Konu: | Köy Kanunu ile Bazı Kanunlarda Değişiklik Yapılmasına Dair Kanun Teklifi münasebetiyle |
Yasama Yılı: | 3 |
Birleşim: | 27 |
Tarih: | 04.12.2024 |
NECMETTİN ÇALIŞKAN (Hatay) - Sayın Başkan, değerli milletvekilleri; Genel Kurulu saygıyla selamlıyorum.
12’nci madde yapı denetimiyle ilgili. Burada insan, vicdan sahibi birisi şu soruyu sorar: 1999 depreminin üzerinden tam yirmi beş yıl geçti, bu yirmi beş yılın yirmi üç yılı AK PARTİ iktidarı döneminde gerçekleşti, yirmi üç yıldır yapılmayan bu yapı denetimiyle ilgili düzenleme nasıl oldu da bugün gündeme geldi, acaba birkaç deprem daha mı bekleyecektik? Şunu söylemeden edemiyor insan: Eğer siz gecikmeseydiniz, bu yasayı zamanında getirseydiniz belki depremde bu kadar kaybımız olmayacaktı.

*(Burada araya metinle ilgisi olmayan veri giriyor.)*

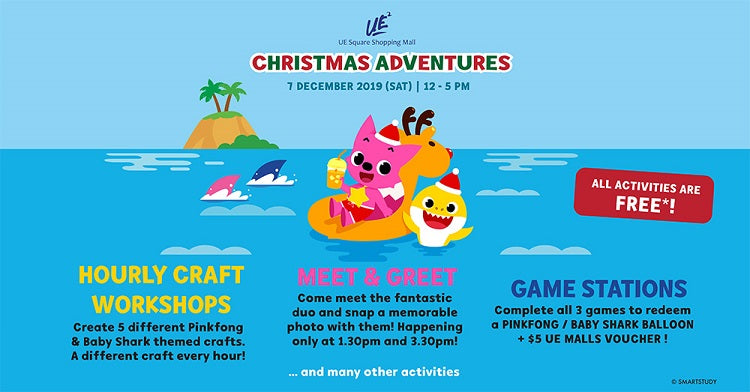 Year-End Holidays 2019 - Christmas Adventures at UE Square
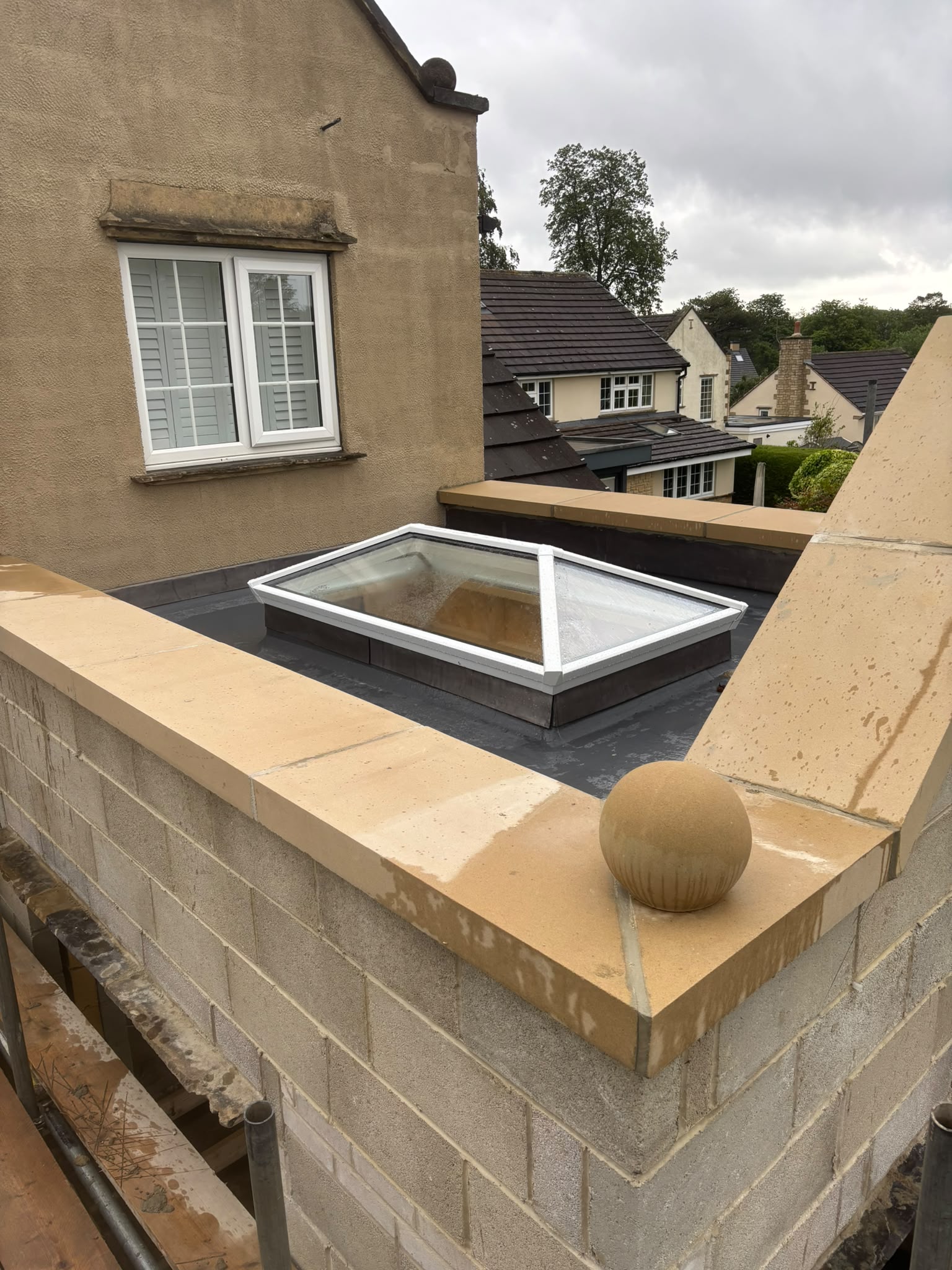 New Build Orangery / Extension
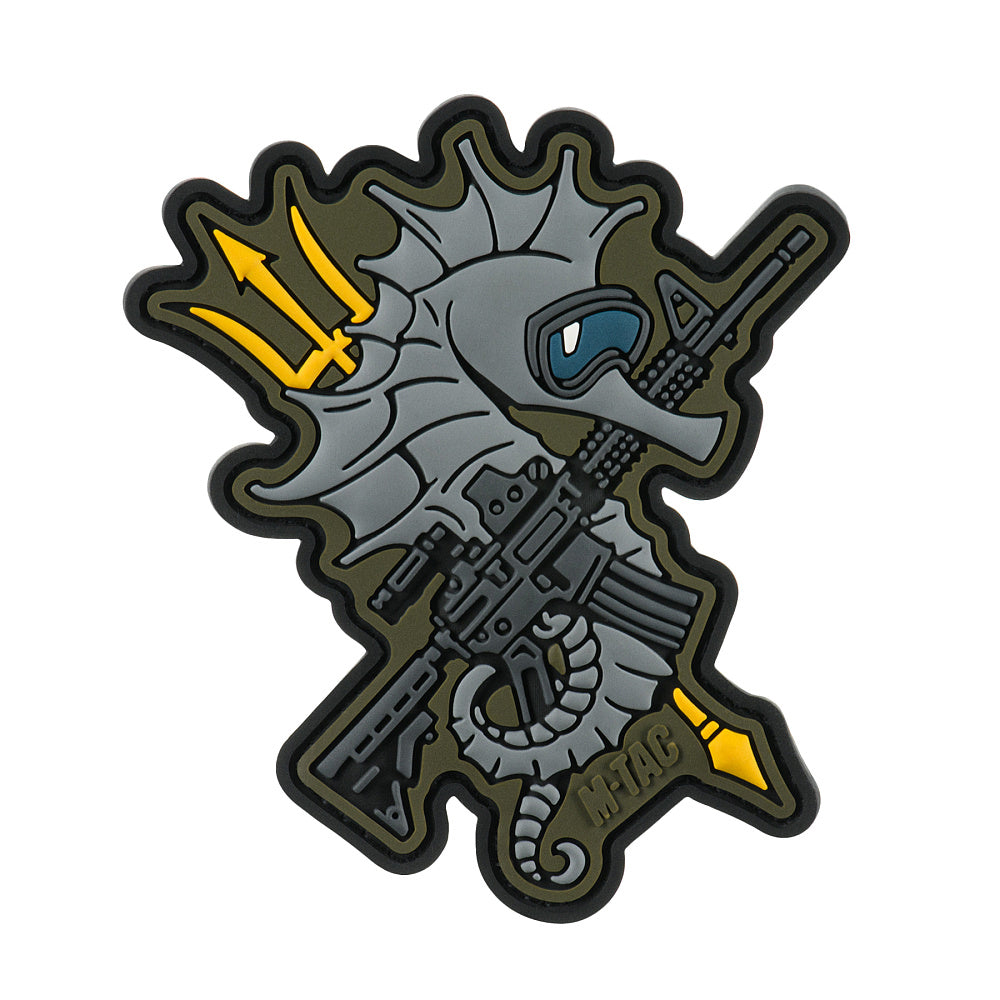 Patch Sea Horse (PVC)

Yasa teklifinin adı Köy Kanunu. Ne köy olur ne kasaba çünkü değerli milletvekilleri, bu yasa teklifinin özü şu: Bakanlık müteahhitlerini destekle, sivil müteahhitleri köstekle; Bakanlığın yetkisini artır, belediyelerin yetkisini durdur; özü bu. Tabii, ismi gerçekten ilginç, tam bir duygu sömürüsü. AK PARTİ'li arkadaşlar, siz köyün ismine bile düşmansınız. Büyükşehirlerin tümünde “köy” ismini ortadan kaldırdınız, köylere “mahalle” dediniz. Siz, köyü boşaltan siz, çiftçiyi bankaya esir eden siz, üreticiyi tüccara mahkûm eden siz, hayvan ithal eden siz ama müteahhitlikle ilgili bir yasa çıkıyor, okus pokus, bakıyorsunuz ki birbenbire “köy” diye bir isim ortaya çıkıyor; anlamak mümkün değil. Siz, uçan kuştan vergi almak isteyen siz; siz, açık havada teneffüs etme vergisi, adım atma vergisi almayı bile düşünecek siz nasıl oluyor da müteahhitlere gelince bonkör kesiliyorsunuz? Müteahhitlerin vergileri affedilecek. Bir taraftan yapı denetimi ama bir taraftan da enerji sektöründe faaliyet gösteren şirketler denetim dışı. Niye, ne özellikleri var? Güneş enerjisi, rüzgâr enerjisi de pekâlâ büyük yatırımlar olacağı için bunlar... Bir gariban başını sokacak ev yaptırdığında yapı denetimine tabiyse pekâlâ, bu sektörler de mutlaka yapı denetimine tabi olmalı. Maalesef, acı bir gerçeği itiraf etmek durumundayız. Şöyle geçmişe yönelik tefekkür ettiğimizde buraya gelen yasalar Maden Yasası, Enerji Yasası, Ticaret Kanunu, Turizm Kanunu; şimdi de müteahhitlik kanunu. Bütün kanunlar belli güç odaklarının talebini yerine getirmeye yönelik. Maalesef ki iktidarın gündeminde halkımız yok, garip gureba yok, emekliler yok, ücretli öğretmenler yok, KHK’liler yok, öğrenciler yok, hiçbiri yok; sadece güç odakları var. Arkadaşlara tavsiyem, şu havuz medya kanallarından başka haberleri de seyretseniz pekâlâ iyi olur. Siz o medya kanallarına bakarak yandaş kanallardan belki de ülkeyi pembe tablo, güllük gülistanlık görüyorsunuz ama gerçekler çok çok acı, çok çok farklı.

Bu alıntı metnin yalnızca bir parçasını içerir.